During the Federal Control Act, 40 Stat. 451, at the time of and after the first World War, the trustee could have been reached by serving one of his agents in Hunt County, Texas, in the manner provided by the state statute for such service. The same Control Act prevented the removal of such a suit from the state to the federal court. The Control Act has been repealed. Some of the statutes mentioned above which were in existence during the applicability of the Control Act are still operative. The plaintiffs, under the statutes of Texas, quoted above, could have sued the trustee in the state court of Hunt County and gotten service in the manner just mentioned. The trustee, being a nonresident, and giving complexion to the suit, though it be for tort, also renders it a suit between citizens of different states, and the plaintiffs have a right to choose the forum, that is, either a state court in Hunt County, or, the federal court for the district and division in which Hunt County is situated. That is what they have done.

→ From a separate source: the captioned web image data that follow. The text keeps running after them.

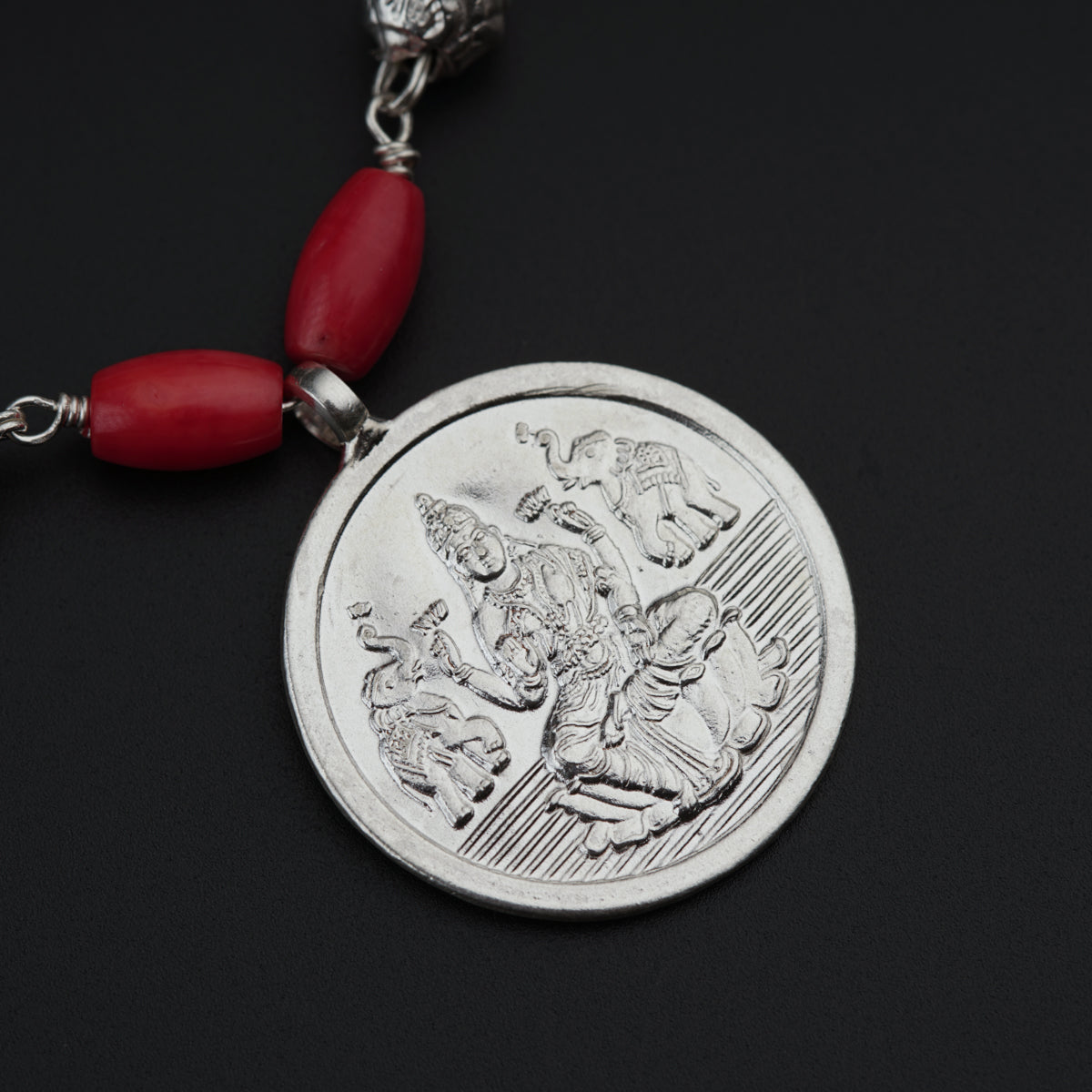 a red beaded necklace with a silver coin on it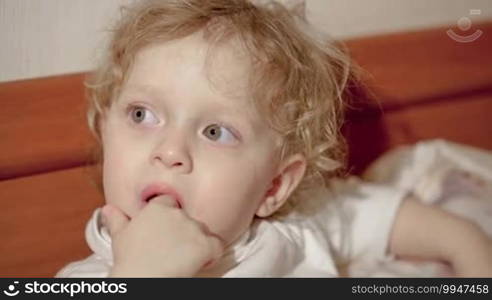 Close-up shot of a little boy on a bed looking somewhere with his fingers in his mouth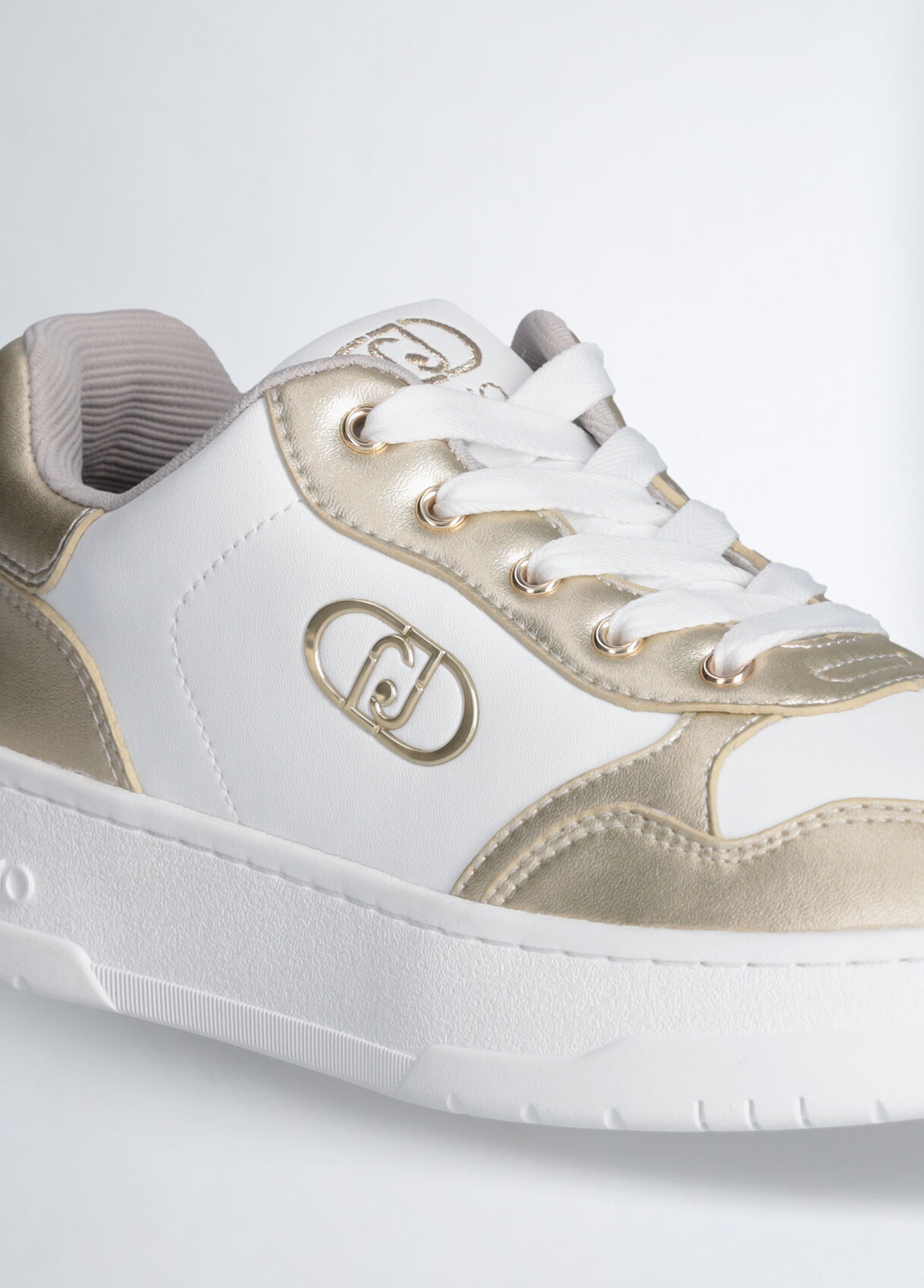 white sneakers gold numbers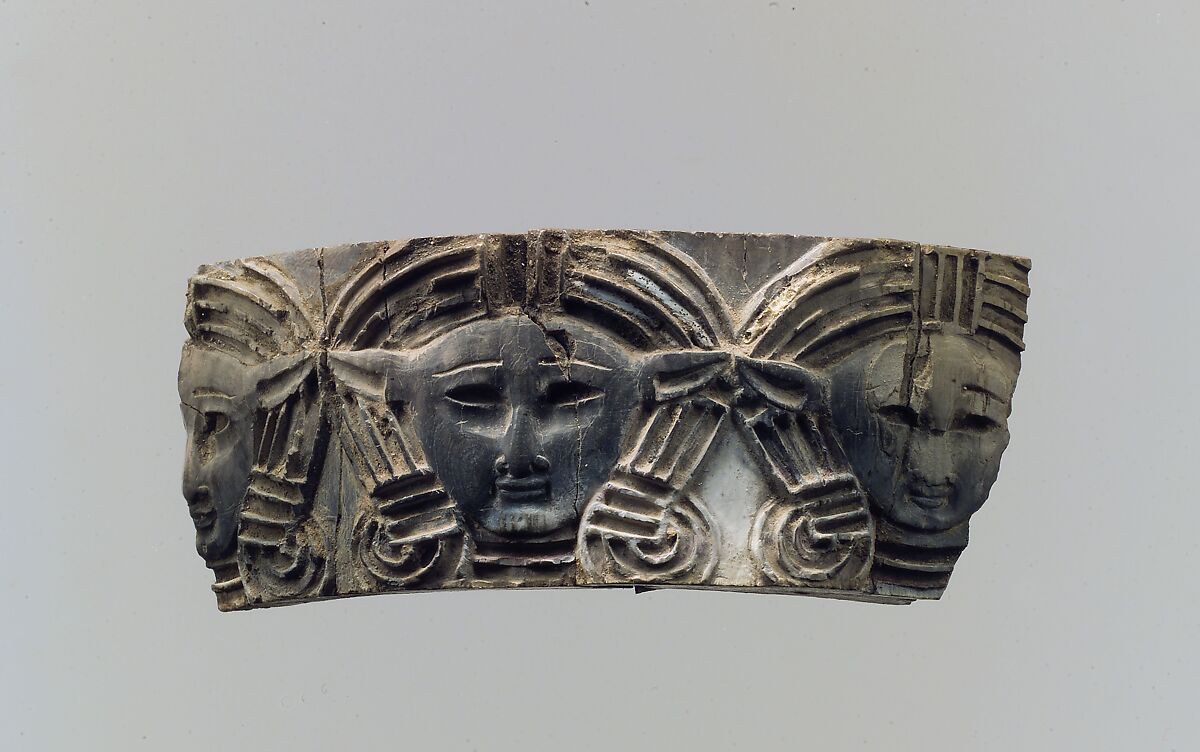 Cloisonné furniture or cosmetic box plaque with three frontal heads, Ivory, Assyrian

The early cases of Chamberlain v. New York, C.C.Ohio, 71 F. 636, and Smith v. Babcock, D.C., 260 F. 679, support this position. Smith v. Babcock was decided in 1919, and Hines being the Federal Director General of Railroads, was a citizen of a state other than Ohio, which was the state in which the railroad was being operated, and the railroad was a citizen of that state. The court pointed out that Hines not being a resident of Ohio could not be served with a process, but the railroad in Ohio that was being operated under Hines’ order, was amenable to the Ohio statute and service can be had upon any regular ticket agent, or, freight agent, or, upon the conductor in charge of the train. It was also argued in that case that the suit was essentially one against the United States, and that the United States is not a citizen of any state; therefore, diversity jurisdiction does not exist.
The court finally reached the position that the Control Act makes all railroads, [1020]*1020while in federal control, subject to all the laws and liabilities as common carriers, whether arising under state or federal law. Hence, the Director General of Railroads is liable for injury to a third person precisely to the same extent as if such railroad were not under federal control. And, finally, that the Control Act did not interfere with the rights and remedies that the citizen had when the railroad was not so controlled. And that this right extends to the bringing of the parties into court as well as to the jurisdiction of the court. Compensation for the alleged tort, if the plaintiffs are successful, will be made through the court appointing the trustée and in a manner in line with the re-organization in bankruptcy statute.
This would still allow the determination of the amount, the accessibility of a court to the injured party, the preservation of the funds, and the proportion to be paid on such claim and the time of payment, in the hands of the court, out of which came the order appointing the trustee.
A dismissal without prejudice is allowed.